Colorism is underpinned by racism, but racism is not solely defined by colorism. A person of color who does not experience colorism still experiences racism. This is both because racism is structural and because the white gaze is gonna white.
I heard Imani Perry say at a public event recently (this is me, roughly paraphrasing) that Black Americans are a multiracial group. We are, by modern definitions of "multiracial"! The majority of us have some European heritage.
Some of us also have a white parent too, but be clear that almost every one of us who has a white parent and is very light skinned looks the way we do because we have a white parent AND because of rape during slavery. We bear that burden, visibly.
We need to talk about colorism and do it far more than we do now. At diversity and inclusion in science events, I'm usually the only one to bring it up. That's ridiculous.

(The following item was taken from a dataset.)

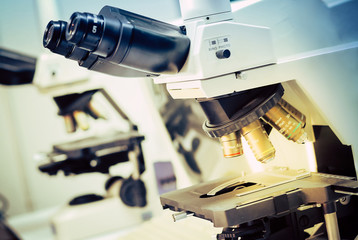 Laboratory microscope lens, modern microscopes in a lab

But we need to find ways to talk about it that are grounded in reality rather than erasure and fantasy.
This is completely tangential but if one more light skinned actress gets cast as Storm, I'm going to scream.
A truly bizarre aspect of this is that people who know we cannot pass for white but who also correctly guess that we could lie about being Black somehow believe that "not Black = white." Like my light skinned Black Asian sis who looks Korean. Korean is not white!
Back home in East L.A. people often assume I am Mexican/Chicana. They do not think I am white. Occasionally Puerto Ricans think I am one of the crew. It's not because I seem white to them. The white people calling me an Arab bitch on the street don't think I am white either.
I look like I could be a member of a variety of different people of color groups but because some people don't readily identify me as Black doesn't mean they identify me as white. I cannot believe I need to say this but . . . there is more than one way to be POC in the world. lol
So the question folks should ask themselves is who gains from this conversation where people are pushed out of Blackness and more broadly out of the umbrella of POC? The ability to push people out might feel like real power but it just shrinks our capacity for solidarity.
And as I said a few days ago, that goes both ways. Who gains when folks run around calling themselves half white? Do you think whiteness, as a political identity, works that way? Will you be welcome in the tent of whiteness? Or are you holding it up from the outside?
The fantasy that "light skinned Black person" and "light skinned POC" means "white" has got to go. And so does "unambiguously Black vs. ambiguously ethnic" as a way of describing Black people. The Black Atlantic community comes in a lot of shades. Deal with it.
(This thread is not an invitation to light skinned folks to whine about how you were bullied for being light. No one is being called a bully here. We are talking about a fantasy, why it exists, and why it is a political and historical mistake.)
Last comment: folks act like people just look at skin color to engage in acts of racialization and colorism but they also look at undertone, hair texture, and nose shape and size. They also pay attention to cultural performance cues, which also function as identity markers.
They also look at eye shape.

What I find interesting about nose and eye is that actually but for some melanin, a lot of East Asians and West Africans actually look quite a lot a like. Monolids are not just found in Asia.
I'd like to invite people to learn what folks' political commitments are, rather than just using their physical features as a proxy.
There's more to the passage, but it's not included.